### TASK DIRECTIONS
Every line of the material is to be returned verbatim. Pictures stay out.

### PROVIDED DATA
───

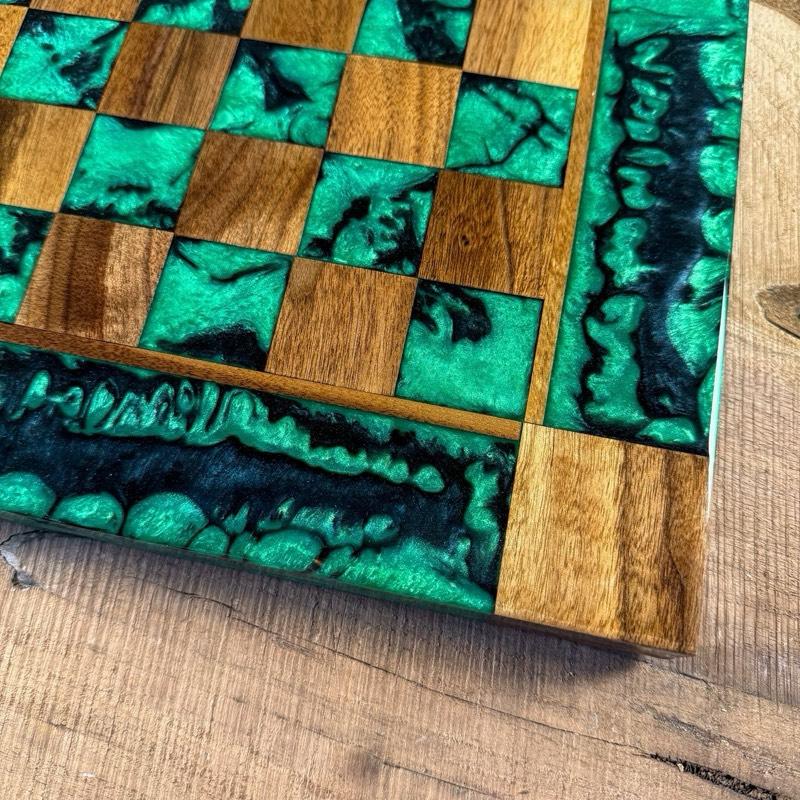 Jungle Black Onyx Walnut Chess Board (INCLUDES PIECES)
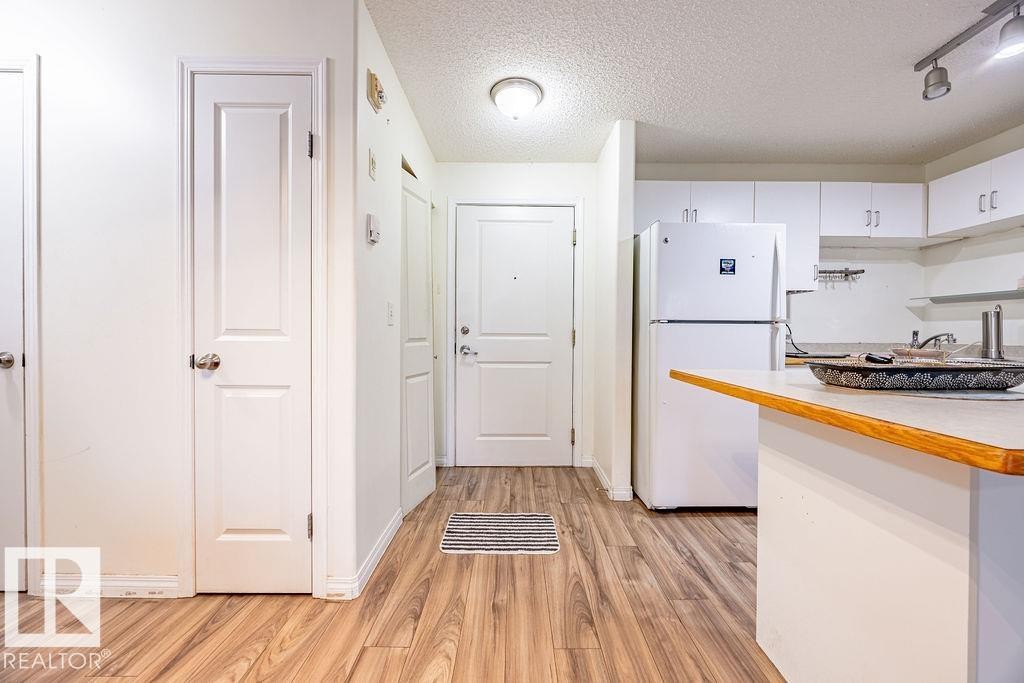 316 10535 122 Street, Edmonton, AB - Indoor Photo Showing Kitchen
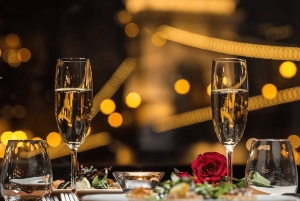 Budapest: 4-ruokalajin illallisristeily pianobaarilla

───

### RESULT FOR THIS TASK
 Jungle Black Onyx Walnut Chess Board (INCLUDES PIECES)
 316 10535 122 Street, Edmonton, AB - Indoor Photo Showing Kitchen
 Budapest: 4-ruokalajin illallisristeily pianobaarilla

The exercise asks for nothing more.